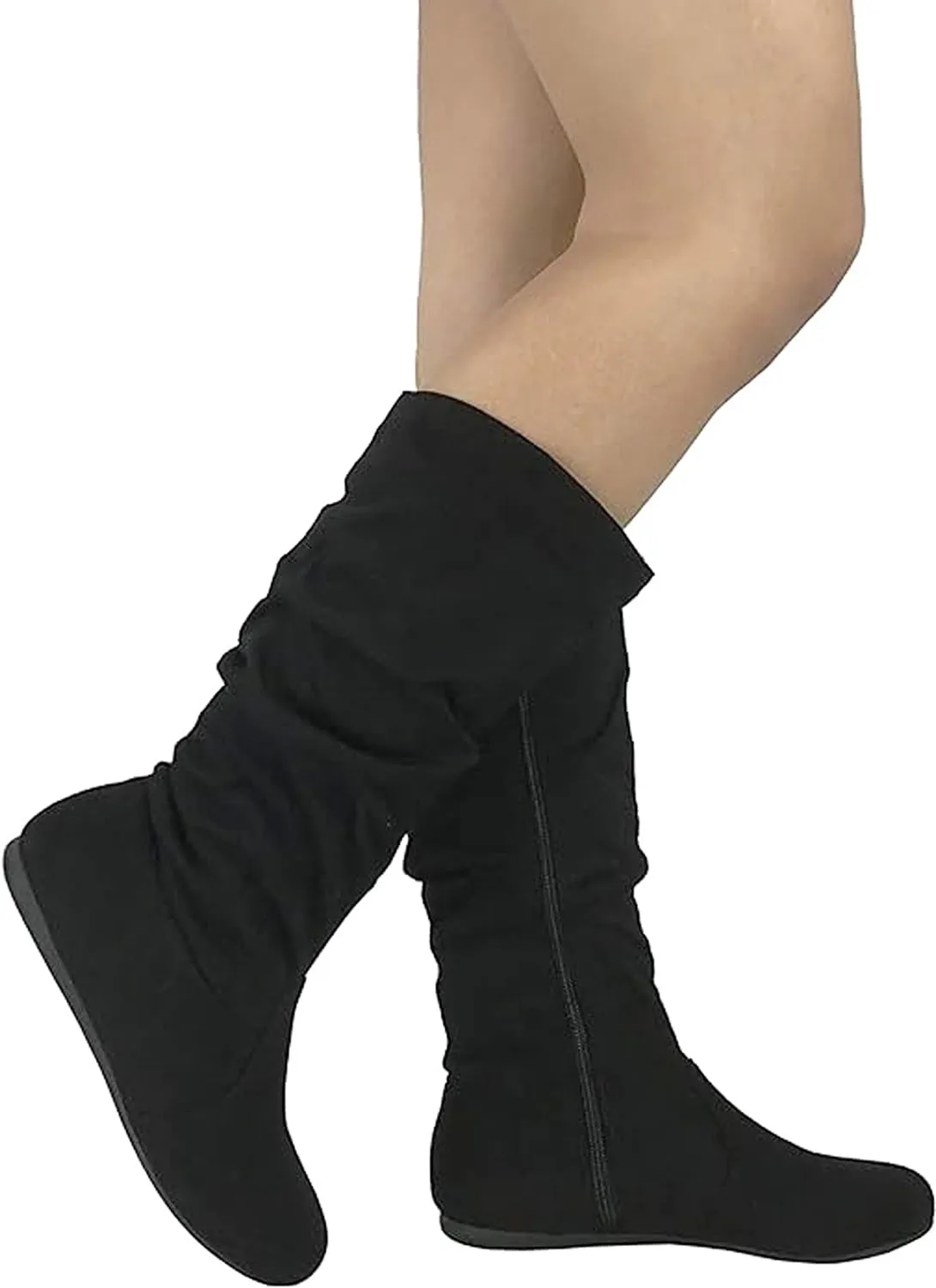 Flat Platform Shoes SELENA-23 Black Suede Forever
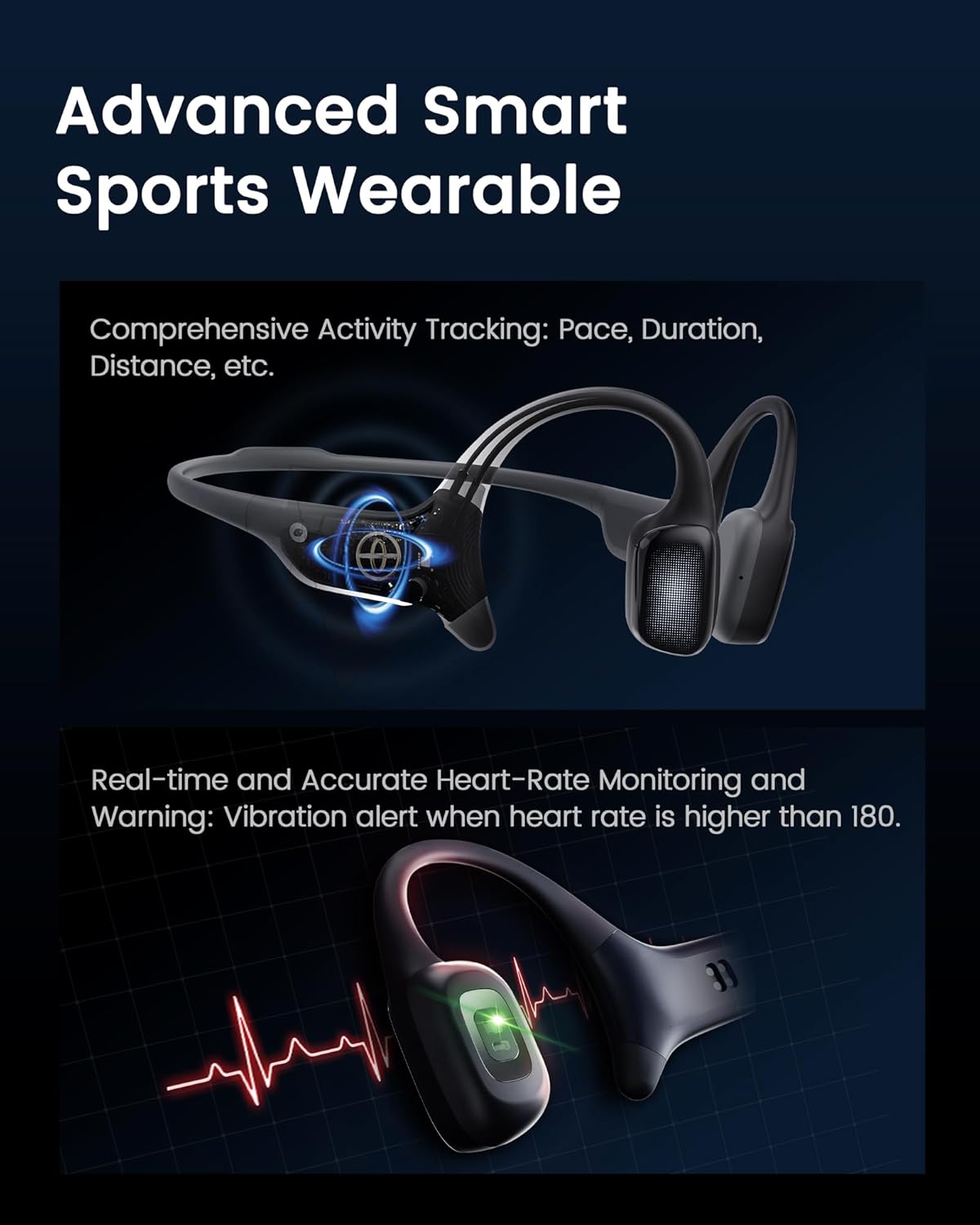 mojawa HaptiFit Terra Advanced Smart Sports Wearable  Open Ear Bluetooth Bone Conduction Headphones with Mic and 32GB MP3  Waterproof Wireless Earphones for Workouts  Swimming and Running  Red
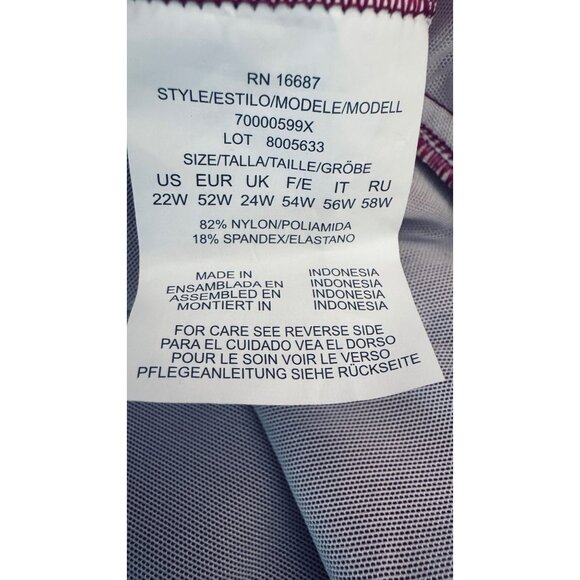 2/$35 NWT Swim Solutions 22W Tummy Control Bow-Front Swim Dress Bust Support - Picture 6 of 16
-.-.-
**TASK TO COMPLETE**
Leave the pictures out and output the rest of the listing exactly.

**ANSWER TO THE EXERCISE**
 Flat Platform Shoes SELENA-23 Black Suede Forever
 mojawa HaptiFit Terra Advanced Smart Sports Wearable  Open Ear Bluetooth Bone Conduction Headphones with Mic and 32GB MP3  Waterproof Wireless Earphones for Workouts  Swimming and Running  Red
 2/$35 NWT Swim Solutions 22W Tummy Control Bow-Front Swim Dress Bust Support - Picture 6 of 16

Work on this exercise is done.